Son paragraf yazının temeli aslında.

“Robot” yani kullanımı yine insan eliyle olan mekanik bir makinedir.

Robotlara verilen talimat gereği bir araya gelmeleri örgütsel bir faaliyet olduğundan bu inovasyon örgüt kültürü çocuklardan çok, büyüklerin ilgisini çekmiştir.

Ana tema, evrenin kurtarılmasıdır. Süpermen’de bu kurtarma işi bireysel kahramanlık ele alınarak yapılmakta ama Voltran ’da kuvvetler birliğinden söz edilmektedir.

1970’lerin başından 1990’ların sonuna değin ülkemizin siyasi ortamı bir inovasyon yaşayacaktır. Ortam müsaittir. Müsait olmasaydı, bu tür inovasyon hareketler zayıf kalır, tutunamazdı. Netice de 1998 sonrası Türk siyasi hayatı gerilemiş oldu.

Peki, Türk siyasi hayatında inovasyon ortamı yaratan Voltran oluşumu nelerdi. O yıllarda VOLTRAN ülkemiz de henüz bilinmiyordu. (Gökler hâkimi GORDON ve BADMAN okuyorduk)

Peki bizim Voltranı kimler oluşturuyordu?.. Siyasetçilerimiz 1970 sonrası Voltran’dan bihaber olarak Voltran’cı olup çıkmışlardı!..

Dörtlü, Milliyetçi cephe hükümetleri, 1980 sonrası karma hükümetler, bu kervana daha sonra Bülent Ecevit’te katılarak açık ve gizli ortaklıklarla hükümetler kurdular.

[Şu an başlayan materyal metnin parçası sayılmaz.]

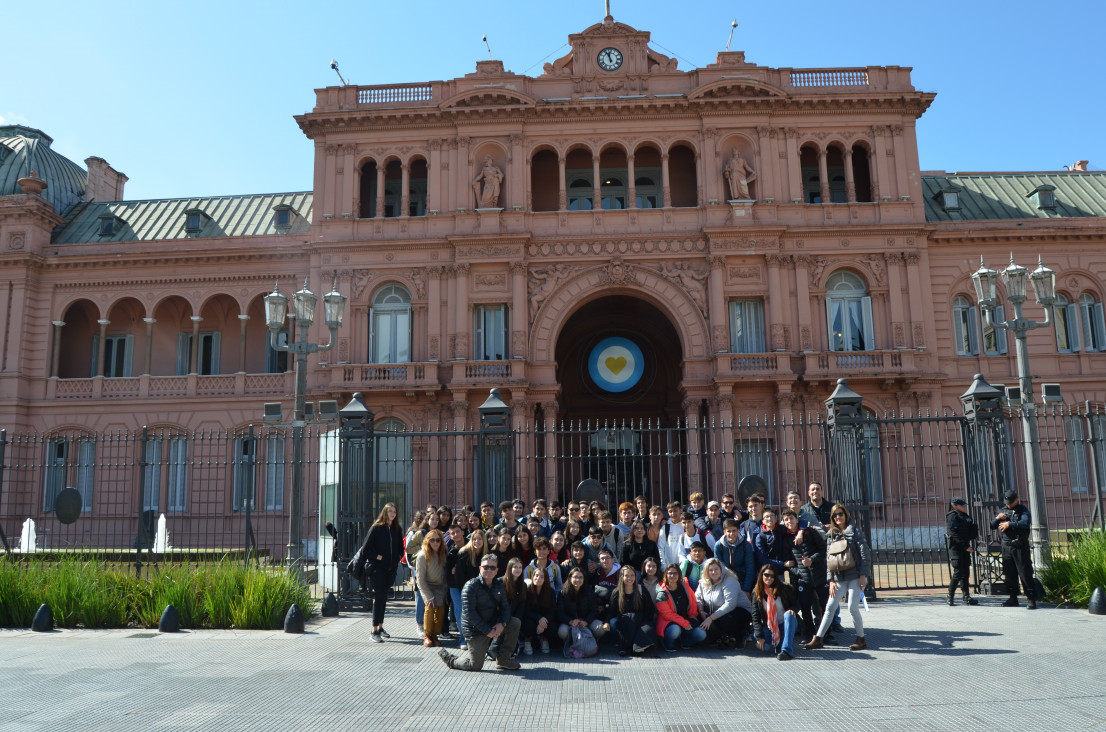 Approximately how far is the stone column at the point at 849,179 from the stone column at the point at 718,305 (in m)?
5.46

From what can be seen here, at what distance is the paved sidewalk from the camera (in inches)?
310

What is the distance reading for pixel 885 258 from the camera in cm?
2970

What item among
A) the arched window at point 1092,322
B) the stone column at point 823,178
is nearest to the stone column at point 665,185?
the stone column at point 823,178

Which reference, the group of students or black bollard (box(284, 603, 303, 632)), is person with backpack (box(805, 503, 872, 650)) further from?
black bollard (box(284, 603, 303, 632))

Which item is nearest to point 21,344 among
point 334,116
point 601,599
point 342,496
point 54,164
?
point 54,164

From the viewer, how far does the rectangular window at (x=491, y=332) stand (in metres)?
30.1

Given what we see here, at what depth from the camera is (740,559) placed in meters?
12.1

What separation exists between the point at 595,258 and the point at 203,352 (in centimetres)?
1733

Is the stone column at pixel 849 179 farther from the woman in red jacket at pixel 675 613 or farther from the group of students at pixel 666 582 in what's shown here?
the woman in red jacket at pixel 675 613

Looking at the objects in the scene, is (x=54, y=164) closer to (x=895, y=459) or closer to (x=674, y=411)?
(x=674, y=411)

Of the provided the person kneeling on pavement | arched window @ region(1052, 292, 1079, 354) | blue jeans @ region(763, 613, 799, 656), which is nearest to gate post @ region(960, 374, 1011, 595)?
blue jeans @ region(763, 613, 799, 656)

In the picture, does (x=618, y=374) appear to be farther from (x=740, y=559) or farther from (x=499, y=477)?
(x=740, y=559)

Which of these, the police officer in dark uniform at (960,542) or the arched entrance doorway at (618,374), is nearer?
the police officer in dark uniform at (960,542)

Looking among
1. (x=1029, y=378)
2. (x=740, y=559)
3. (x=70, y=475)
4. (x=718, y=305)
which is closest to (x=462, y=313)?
(x=718, y=305)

Her Voltran oluşturduklarında (Koalisyon hükümetleri) memleket biraz daha geri gitti. Voltranı oluşturan Arslanlar arasında huzursuzluk baş gösterdi.

Ne dedik başta?..

Bu ortam ve çevre faktörlerinden birisinin de örgütsel kültürün üzerinde birleştirici etkisinin olduğu düşünülmektedir. Ama gelin görün ki bizimkiler birleşemediler bir türlü!.. Voltran çok fena ayağa düştü…

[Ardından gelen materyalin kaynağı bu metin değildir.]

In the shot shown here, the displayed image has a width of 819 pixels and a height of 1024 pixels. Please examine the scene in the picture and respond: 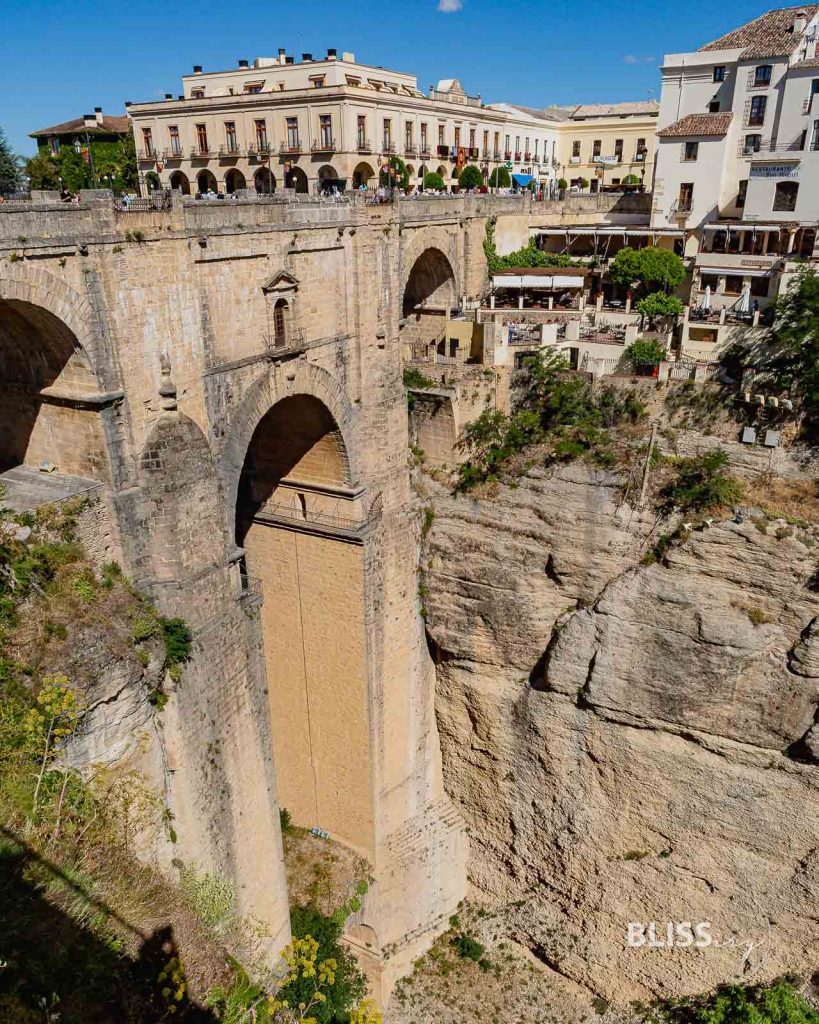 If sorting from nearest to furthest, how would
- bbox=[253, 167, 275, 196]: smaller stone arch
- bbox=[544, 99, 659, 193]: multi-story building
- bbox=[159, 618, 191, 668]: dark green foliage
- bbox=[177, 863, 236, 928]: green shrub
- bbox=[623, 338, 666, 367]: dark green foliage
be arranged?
bbox=[177, 863, 236, 928]: green shrub
bbox=[159, 618, 191, 668]: dark green foliage
bbox=[623, 338, 666, 367]: dark green foliage
bbox=[253, 167, 275, 196]: smaller stone arch
bbox=[544, 99, 659, 193]: multi-story building

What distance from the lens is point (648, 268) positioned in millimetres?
21078

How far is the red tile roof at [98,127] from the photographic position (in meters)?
33.2

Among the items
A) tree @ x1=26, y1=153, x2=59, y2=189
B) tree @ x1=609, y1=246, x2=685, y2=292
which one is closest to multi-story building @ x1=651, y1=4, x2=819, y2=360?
tree @ x1=609, y1=246, x2=685, y2=292

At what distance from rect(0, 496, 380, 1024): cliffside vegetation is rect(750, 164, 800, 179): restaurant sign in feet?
66.1

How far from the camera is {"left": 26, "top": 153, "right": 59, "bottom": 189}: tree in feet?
96.5

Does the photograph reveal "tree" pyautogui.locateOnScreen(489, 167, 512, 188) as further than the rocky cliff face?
Yes

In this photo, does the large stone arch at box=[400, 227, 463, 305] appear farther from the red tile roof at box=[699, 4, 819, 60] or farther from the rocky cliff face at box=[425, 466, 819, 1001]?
the red tile roof at box=[699, 4, 819, 60]

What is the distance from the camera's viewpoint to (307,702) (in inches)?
697

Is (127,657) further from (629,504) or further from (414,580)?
(629,504)

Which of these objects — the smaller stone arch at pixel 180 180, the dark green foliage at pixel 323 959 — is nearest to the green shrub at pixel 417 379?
the dark green foliage at pixel 323 959

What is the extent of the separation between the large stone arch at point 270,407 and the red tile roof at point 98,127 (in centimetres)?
2414

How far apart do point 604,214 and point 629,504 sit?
15.7m

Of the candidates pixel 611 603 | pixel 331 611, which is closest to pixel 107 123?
pixel 331 611

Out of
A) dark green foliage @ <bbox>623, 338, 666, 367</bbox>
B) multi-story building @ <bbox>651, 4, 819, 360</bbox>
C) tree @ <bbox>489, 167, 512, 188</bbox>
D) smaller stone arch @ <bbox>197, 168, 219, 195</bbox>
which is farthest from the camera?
tree @ <bbox>489, 167, 512, 188</bbox> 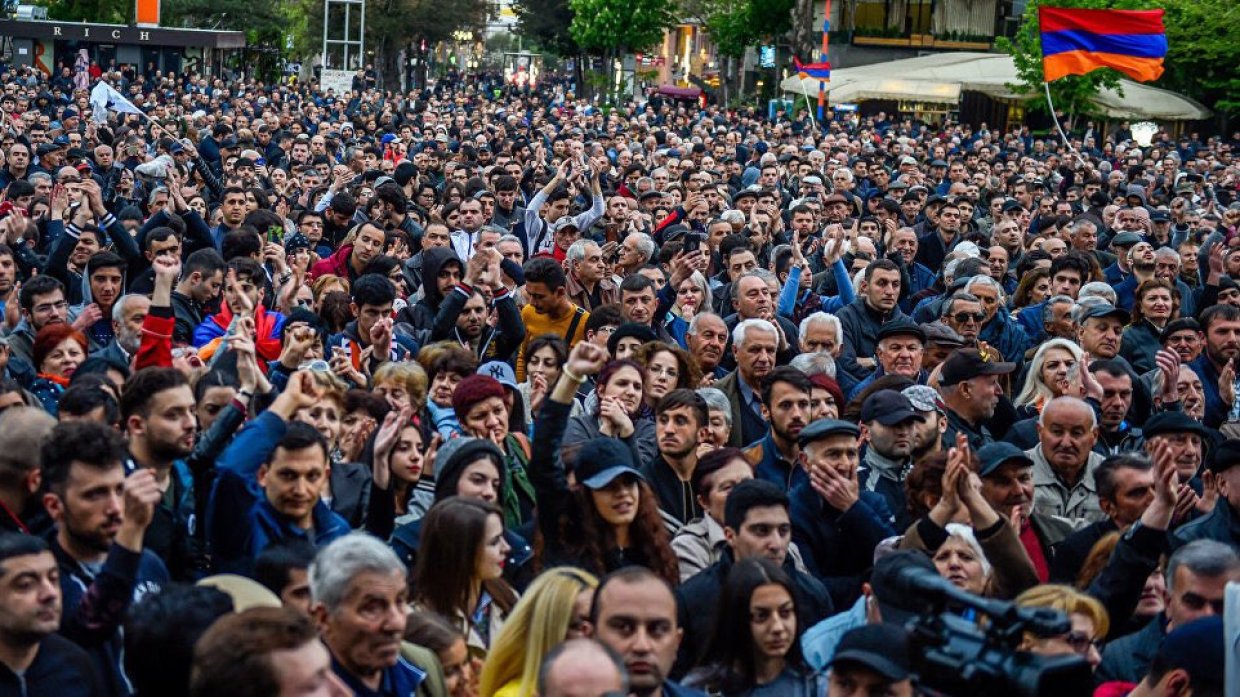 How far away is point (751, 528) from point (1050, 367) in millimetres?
3741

Yani, ortamı müsait hale getirmek isteyenler gereken inovasyonu oluşturmuşlar, son darbeyi de 80 ihtilalinle yapmışlardı.

Mesela “Soros Devrimleri” (Ladin, gül, lale, turuncu, mavi) dünya üzerinde turluyor, ortam ve çevre faktörlerini yaratıyor buna da inovasyon diye isim takıyorlardı…

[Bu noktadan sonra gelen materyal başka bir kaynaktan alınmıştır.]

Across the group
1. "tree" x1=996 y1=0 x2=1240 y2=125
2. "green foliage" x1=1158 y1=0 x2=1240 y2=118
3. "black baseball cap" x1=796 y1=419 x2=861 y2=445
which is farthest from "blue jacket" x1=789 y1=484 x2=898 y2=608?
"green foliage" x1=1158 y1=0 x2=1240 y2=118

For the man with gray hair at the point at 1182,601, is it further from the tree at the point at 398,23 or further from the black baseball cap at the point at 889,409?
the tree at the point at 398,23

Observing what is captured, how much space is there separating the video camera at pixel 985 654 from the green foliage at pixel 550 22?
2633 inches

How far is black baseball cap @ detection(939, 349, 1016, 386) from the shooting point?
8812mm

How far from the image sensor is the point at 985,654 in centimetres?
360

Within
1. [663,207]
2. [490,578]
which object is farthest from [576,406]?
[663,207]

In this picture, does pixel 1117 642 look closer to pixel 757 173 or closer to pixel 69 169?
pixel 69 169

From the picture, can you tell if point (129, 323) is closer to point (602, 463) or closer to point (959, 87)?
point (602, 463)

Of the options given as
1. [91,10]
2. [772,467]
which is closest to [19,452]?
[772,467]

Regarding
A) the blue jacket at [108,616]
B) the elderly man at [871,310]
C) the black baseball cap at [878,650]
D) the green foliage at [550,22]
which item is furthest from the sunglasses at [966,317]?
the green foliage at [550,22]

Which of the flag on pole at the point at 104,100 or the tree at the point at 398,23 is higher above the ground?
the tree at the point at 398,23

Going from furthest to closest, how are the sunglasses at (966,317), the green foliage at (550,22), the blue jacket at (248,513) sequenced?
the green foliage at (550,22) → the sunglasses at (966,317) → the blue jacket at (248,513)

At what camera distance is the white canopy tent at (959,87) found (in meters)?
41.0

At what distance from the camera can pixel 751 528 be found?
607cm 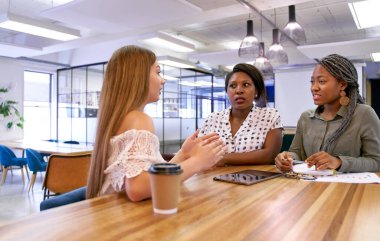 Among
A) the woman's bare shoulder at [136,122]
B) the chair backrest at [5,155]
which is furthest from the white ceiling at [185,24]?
the woman's bare shoulder at [136,122]

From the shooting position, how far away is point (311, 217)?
2.57ft

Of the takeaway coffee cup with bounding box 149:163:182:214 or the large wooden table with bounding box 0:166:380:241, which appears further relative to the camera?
the takeaway coffee cup with bounding box 149:163:182:214

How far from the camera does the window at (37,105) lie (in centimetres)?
866

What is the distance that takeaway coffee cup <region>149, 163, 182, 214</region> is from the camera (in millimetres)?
777

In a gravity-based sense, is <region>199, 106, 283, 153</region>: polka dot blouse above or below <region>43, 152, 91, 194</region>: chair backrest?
above

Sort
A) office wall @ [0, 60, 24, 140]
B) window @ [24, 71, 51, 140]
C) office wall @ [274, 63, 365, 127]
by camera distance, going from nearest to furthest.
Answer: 1. office wall @ [0, 60, 24, 140]
2. window @ [24, 71, 51, 140]
3. office wall @ [274, 63, 365, 127]

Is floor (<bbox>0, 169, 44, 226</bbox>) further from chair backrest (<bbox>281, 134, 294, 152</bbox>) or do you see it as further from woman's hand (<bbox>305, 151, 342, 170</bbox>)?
woman's hand (<bbox>305, 151, 342, 170</bbox>)

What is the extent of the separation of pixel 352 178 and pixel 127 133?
89 cm

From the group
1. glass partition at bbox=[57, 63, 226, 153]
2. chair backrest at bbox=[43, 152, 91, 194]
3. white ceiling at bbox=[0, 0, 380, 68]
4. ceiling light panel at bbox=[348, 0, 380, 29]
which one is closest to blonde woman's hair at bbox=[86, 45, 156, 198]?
chair backrest at bbox=[43, 152, 91, 194]

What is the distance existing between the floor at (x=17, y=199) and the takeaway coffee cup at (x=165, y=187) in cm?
301

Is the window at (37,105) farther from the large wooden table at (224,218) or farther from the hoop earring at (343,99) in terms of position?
the large wooden table at (224,218)

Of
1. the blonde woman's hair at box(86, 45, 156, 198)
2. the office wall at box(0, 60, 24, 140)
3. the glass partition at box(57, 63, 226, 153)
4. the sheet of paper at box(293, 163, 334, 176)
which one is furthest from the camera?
the glass partition at box(57, 63, 226, 153)

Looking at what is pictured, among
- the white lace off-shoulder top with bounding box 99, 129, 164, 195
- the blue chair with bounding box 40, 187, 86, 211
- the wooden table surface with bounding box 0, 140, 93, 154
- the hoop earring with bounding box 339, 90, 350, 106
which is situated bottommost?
the wooden table surface with bounding box 0, 140, 93, 154

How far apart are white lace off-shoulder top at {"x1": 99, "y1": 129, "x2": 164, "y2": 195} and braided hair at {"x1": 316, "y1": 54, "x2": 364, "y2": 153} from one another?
3.20 ft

Var mıydı şehrimiz de “İnovasyon” diye, yırtınan biri!..

10 yıl boyunca, kendi kurduğu Voltran’ı hiç bozmadı bu arkadaşımız. Güce karşı hep hazır bekledi. 10 yıl boyunca başardı da bunu!.. Bazı parçaları değiştirmekte gecikince inovasyon zayıfladı eridi ve bitti…

Şimdi yeni bir model Voltran oluşturacaklar ama Arslanlardan birinin durumu iyi değil. Saçak kuşu gibi mübarek, bir saçağa bir dala konuyor. Hani ya dalda kal ya da saçaktan dışarı çıkma derler ya!

Ben, hâlâ Süpermenciyim. O da evreni kurtarma peşinde ama kripton gezeninden olması kafa karıştırıyor!..

Varsı olsun!..

Bir zamanlar bu şehir de çok meşhur olmuş bir söz vardı: “Çeltikten gelip te Silivri’yi yönetemezsin” dediydi biri. (Daha sonra 15 yıl çalıştı o Çeltikli ile, o arkadaşımız) O köprünün altından da çok sular geçti. Adamın biri, ta Erzurum’dan gelip, 5 yıl boyunca da adam gibi yönetmişti Silivri’yi…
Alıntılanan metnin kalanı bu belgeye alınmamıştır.